Hello. 4.0.32.Final, Ubuntu 14.04. I have a production system running for few weeks. Was reviewing logs and found this:

io.netty.util.IllegalReferenceCountException: refCnt: 0, decrement: 1
    at io.netty.buffer.AbstractReferenceCountedByteBuf.release(AbstractReferenceCountedByteBuf.java:101)
    at io.netty.buffer.AbstractDerivedByteBuf.release(AbstractDerivedByteBuf.java:50)
    at io.netty.buffer.CompositeByteBuf$Component.freeIfNecessary(CompositeByteBuf.java:1370)
    at io.netty.buffer.CompositeByteBuf.deallocate(CompositeByteBuf.java:1625)
    at io.netty.buffer.AbstractReferenceCountedByteBuf.release(AbstractReferenceCountedByteBuf.java:106)
    at io.netty.handler.codec.ByteToMessageDecoder.channelRead(ByteToMessageDecoder.java:252)
    at io.netty.channel.AbstractChannelHandlerContext.invokeChannelRead(AbstractChannelHandlerContext.java:308)
    at io.netty.channel.AbstractChannelHandlerContext.fireChannelRead(AbstractChannelHandlerContext.java:294)
    at io.netty.handler.timeout.ReadTimeoutHandler.channelRead(ReadTimeoutHandler.java:152)
    at io.netty.channel.AbstractChannelHandlerContext.invokeChannelRead(AbstractChannelHandlerContext.java:308)
    at io.netty.channel.AbstractChannelHandlerContext.fireChannelRead(AbstractChannelHandlerContext.java:294)
    at io.netty.channel.DefaultChannelPipeline.fireChannelRead(DefaultChannelPipeline.java:846)
    at io.netty.channel.epoll.AbstractEpollStreamChannel$EpollStreamUnsafe.epollInReady(AbstractEpollStreamChannel.java:805)
    at io.netty.channel.epoll.EpollEventLoop.processReady(EpollEventLoop.java:346)
    at io.netty.channel.epoll.EpollEventLoop.run(EpollEventLoop.java:254)
    at io.netty.util.concurrent.SingleThreadEventExecutor$2.run(SingleThreadEventExecutor.java:112)
    at io.netty.util.concurrent.DefaultThreadFactory$DefaultRunnableDecorator.run(DefaultThreadFactory.java:137)
    at java.lang.Thread.run(Thread.java:745)
18:13:29.114 ERROR - Handler class : class cc.blynk.common.handlers.common.decoders.MessageDecoder. Name : MessageDecoder#0

Not sure is that netty bug or my own. Decoder code - https://github.com/blynkkk/blynk-server/blob/master/common/src/main/java/cc/blynk/common/handlers/common/decoders/MessageDecoder.java

Activity

normanmaurer

normanmaurer commented on Nov 4, 2015

@normanmaurer
Member

@doom369 can you show me all the handlers you have in your pipeline ?

ninja-

ninja- commented on Nov 4, 2015

@ninja-

@doom369 I am pretty sure you broke the refcnt somewhere in your handlers, somewhere near composite buffers...

doom369

doom369 commented on Nov 4, 2015

@doom369
ContributorAuthor

@ninja- how could that be if in pipeline where error happen there is no my code that manages refcnt at any way. Netty code itself manages this. Also server was running for a weeks with load ~700 req/sec and this is only such error I found.

doom369

doom369 commented on Nov 5, 2015

@doom369
ContributorAuthor

One more, but look like in another pipeline (with SSL Handler)
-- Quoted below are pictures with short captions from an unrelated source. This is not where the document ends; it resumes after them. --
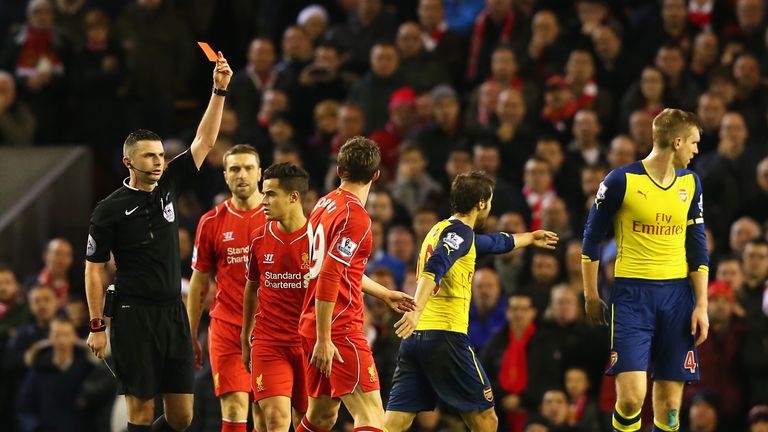 Fabio Borini of Liverpool is shown the red card by referee Michael Oliver during the Barclays Premier League match between Liverpool and Arsenal at Anfield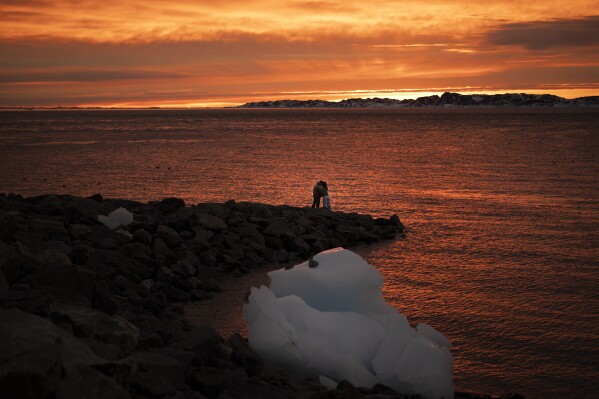 Ana, 18, and Victor, 19, embrace as they watch the sunset in Nuuk, Greenland, Sunday, Feb. 16, 2025. (AP Photo/Emilio Morenatti)
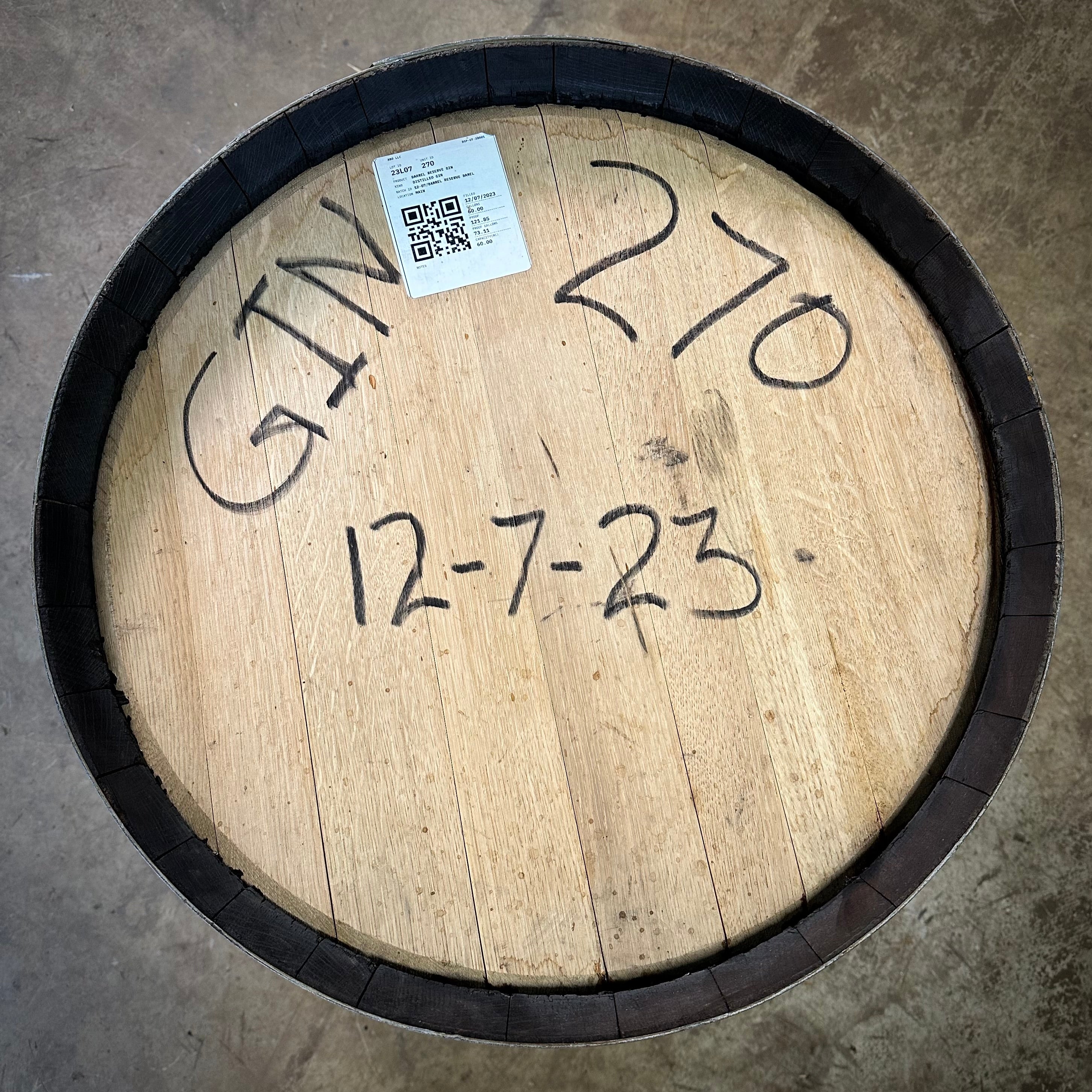 Wooden barrel with handwritten numbers and a QR code label on a concrete floor.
io.netty.handler.codec.DecoderException: io.netty.util.IllegalReferenceCountException: refCnt: 0
    at io.netty.handler.codec.ByteToMessageDecoder.callDecode(ByteToMessageDecoder.java:380)
    at io.netty.handler.codec.ByteToMessageDecoder.channelRead(ByteToMessageDecoder.java:244)
    at io.netty.channel.AbstractChannelHandlerContext.invokeChannelRead(AbstractChannelHandlerContext.java:308)
    at io.netty.channel.AbstractChannelHandlerContext.fireChannelRead(AbstractChannelHandlerContext.java:294)
    at io.netty.handler.timeout.ReadTimeoutHandler.channelRead(ReadTimeoutHandler.java:152)
    at io.netty.channel.AbstractChannelHandlerContext.invokeChannelRead(AbstractChannelHandlerContext.java:308)
    at io.netty.channel.AbstractChannelHandlerContext.fireChannelRead(AbstractChannelHandlerContext.java:294)
    at io.netty.channel.DefaultChannelPipeline.fireChannelRead(DefaultChannelPipeline.java:846)
    at io.netty.channel.epoll.AbstractEpollStreamChannel$EpollStreamUnsafe.epollInReady(AbstractEpollStreamChannel.java:805)
    at io.netty.channel.epoll.EpollEventLoop.processReady(EpollEventLoop.java:346)
    at io.netty.channel.epoll.EpollEventLoop.run(EpollEventLoop.java:254)
    at io.netty.util.concurrent.SingleThreadEventExecutor$2.run(SingleThreadEventExecutor.java:112)
    at io.netty.util.concurrent.DefaultThreadFactory$DefaultRunnableDecorator.run(DefaultThreadFactory.java:137)
    at java.lang.Thread.run(Thread.java:745)
Caused by: io.netty.util.IllegalReferenceCountException: refCnt: 0
    at io.netty.buffer.AbstractByteBuf.ensureAccessible(AbstractByteBuf.java:1177)
    at io.netty.buffer.AbstractByteBuf.checkIndex(AbstractByteBuf.java:1128)
    at io.netty.buffer.UnpooledUnsafeDirectByteBuf.internalNioBuffer(UnpooledUnsafeDirectByteBuf.java:480)
    at io.netty.handler.ssl.SslHandler.toByteBuffer(SslHandler.java:1146)
    at io.netty.handler.ssl.SslHandler.unwrap(SslHandler.java:1138)
    at io.netty.handler.ssl.SslHandler.unwrap(SslHandler.java:1028)
    at io.netty.handler.ssl.SslHandler.decode(SslHandler.java:968)
    at io.netty.handler.codec.ByteToMessageDecoder.callDecode(ByteToMessageDecoder.java:349)
    ... 13 more
Scottmitch

Scottmitch commented on Nov 5, 2015

@Scottmitch
Member

@doom369 - It seems that buffer which is owned by ByteToMessageDecoder is being "double" released. However the decoder you linked to (MessageDecoder) copies the input buffer into a string, and does not release the input buffer, so that shouldn't create problems.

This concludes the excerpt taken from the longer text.